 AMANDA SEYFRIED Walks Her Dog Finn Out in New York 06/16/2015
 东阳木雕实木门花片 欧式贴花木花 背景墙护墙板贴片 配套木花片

* * *

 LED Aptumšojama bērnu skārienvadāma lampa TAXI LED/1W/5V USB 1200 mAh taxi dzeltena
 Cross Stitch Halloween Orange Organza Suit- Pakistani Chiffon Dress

[What this task involves]:
Every line above from the line with "LED Aptumšojama bērnu" to the line with "Cross Stitch Halloween" is wanted, ends included; write them out exactly and add no other line.

[Task output]:
 LED Aptumšojama bērnu skārienvadāma lampa TAXI LED/1W/5V USB 1200 mAh taxi dzeltena
 Cross Stitch Halloween Orange Organza Suit- Pakistani Chiffon Dress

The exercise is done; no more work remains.